◆ REQUIREMENT
Would you give again, exactly, the lines running from the line with "STARDOM OFFICIAL GUIDE BOOK Vol.129" to the end of the data below, both included?

Short text fragments from websites:
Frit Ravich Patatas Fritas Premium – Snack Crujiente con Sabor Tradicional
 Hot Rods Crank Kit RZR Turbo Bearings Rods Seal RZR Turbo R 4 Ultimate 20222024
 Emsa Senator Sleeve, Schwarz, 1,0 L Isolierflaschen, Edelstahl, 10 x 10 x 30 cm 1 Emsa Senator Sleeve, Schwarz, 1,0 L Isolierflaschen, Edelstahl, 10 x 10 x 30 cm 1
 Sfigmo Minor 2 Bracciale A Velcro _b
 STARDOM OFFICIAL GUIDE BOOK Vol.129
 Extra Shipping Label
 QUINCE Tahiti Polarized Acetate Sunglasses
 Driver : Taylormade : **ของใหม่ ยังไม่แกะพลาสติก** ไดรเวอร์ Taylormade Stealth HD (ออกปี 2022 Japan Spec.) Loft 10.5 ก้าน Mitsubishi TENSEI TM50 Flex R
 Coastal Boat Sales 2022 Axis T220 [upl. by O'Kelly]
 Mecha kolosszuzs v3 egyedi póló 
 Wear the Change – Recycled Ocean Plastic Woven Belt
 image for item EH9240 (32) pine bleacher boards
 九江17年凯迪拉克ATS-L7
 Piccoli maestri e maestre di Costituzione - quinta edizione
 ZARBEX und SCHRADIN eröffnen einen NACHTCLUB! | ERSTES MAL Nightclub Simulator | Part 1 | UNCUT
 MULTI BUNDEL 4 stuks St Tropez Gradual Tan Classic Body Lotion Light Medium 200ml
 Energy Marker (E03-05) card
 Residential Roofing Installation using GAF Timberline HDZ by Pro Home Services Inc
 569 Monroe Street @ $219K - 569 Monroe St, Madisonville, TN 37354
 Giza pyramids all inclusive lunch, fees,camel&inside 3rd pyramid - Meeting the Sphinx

◆ TASK RESPONSE
 STARDOM OFFICIAL GUIDE BOOK Vol.129
 Extra Shipping Label
 QUINCE Tahiti Polarized Acetate Sunglasses
 Driver : Taylormade : **ของใหม่ ยังไม่แกะพลาสติก** ไดรเวอร์ Taylormade Stealth HD (ออกปี 2022 Japan Spec.) Loft 10.5 ก้าน Mitsubishi TENSEI TM50 Flex R
 Coastal Boat Sales 2022 Axis T220 [upl. by O'Kelly]
 Mecha kolosszuzs v3 egyedi póló 
 Wear the Change – Recycled Ocean Plastic Woven Belt
 image for item EH9240 (32) pine bleacher boards
 九江17年凯迪拉克ATS-L7
 Piccoli maestri e maestre di Costituzione - quinta edizione
 ZARBEX und SCHRADIN eröffnen einen NACHTCLUB! | ERSTES MAL Nightclub Simulator | Part 1 | UNCUT
 MULTI BUNDEL 4 stuks St Tropez Gradual Tan Classic Body Lotion Light Medium 200ml
 Energy Marker (E03-05) card
 Residential Roofing Installation using GAF Timberline HDZ by Pro Home Services Inc
 569 Monroe Street @ $219K - 569 Monroe St, Madisonville, TN 37354
 Giza pyramids all inclusive lunch, fees,camel&inside 3rd pyramid - Meeting the Sphinx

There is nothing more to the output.